S: 1,0.3,0.22,0.12,0.06 N: 7,201,478,2595,17950 (no idea how to put this in a tally)
I've got a question here where S is not shrunk by the same fraction throughout, I know how to work out the dimension Fractal when the Shrink is continuous E.G 1/3 each time but not when it's shrunk different each time. Can anyone help?
thanks
In the definition of box-counting dimension, the dimension $d$ is given by $$d = \lim_{\varepsilon \rightarrow 0} \frac{\log N(\varepsilon)}{\log 1/\varepsilon},$$ where $N(\varepsilon)$ is the smallest number of sets of diameter $\varepsilon$ required to cover the set. In numerical applications, $N(\varepsilon)$ is often estimated using any of a number of equivalent formulations. It sounds like your assignment presents the following estimates:
\begin{align} N(1) &= 7 \\ N(0.3) &= 201 \\ N(0.22) &= 478 \\ N(0.12) &= 2595 \\ N(0.06) &= 17950 \end{align}
It might be tempting to simply use the smallest given value of $\varepsilon$ to conclude that your dimension is best approximated by $$\frac{\log(17950)}{\log(1/0.06)} \approx 3.48.$$ One problem with this is that we would typically like to take this sparse data, given over a broad range of $\varepsilon$ values and extrapolate a limit.

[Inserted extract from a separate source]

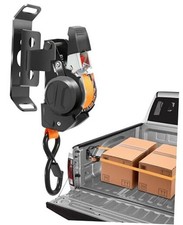 Dual-Pivot Retractable Truck Bed Ratchet Straps for Dodge Ram 1500, Multi 1 Pcs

In this example, if we compute $\log(N(\varepsilon))/\log(1/\varepsilon))$ for the other given values of $\varepsilon$, we see that the computations are decreasing sharply. Thus, the usual approach is to plot $\log(N(\varepsilon))$ versus $\log(1/\varepsilon)$ like so:
Thus, the $x$ coordinates are \begin{align} \log(1) &= 0 \\ \log(1/0.3) &\approx 1.2 \\ \log(1/0.22) &\approx 1.5 \\ \log(1/0.12) &\approx 2.1 \\ \log(1/0.06) &\approx 2.8 \end{align} The $y$ coordinates are $\log(N(1)), \log(N(0.3)),\ldots,\log(N(0.06))$. The line is a least squares fit to this data. The ridiculously good fit suggests that the problem has been manufactured. Since we're interested in how $\log(N(\varepsilon))$ changes in response to a change of $\log(1/\varepsilon)$, the slope of that line represents the fractal dimension. Any number of techniques can be used to compute the least squares fit to be $y\approx 1.945 + 2.79 x$.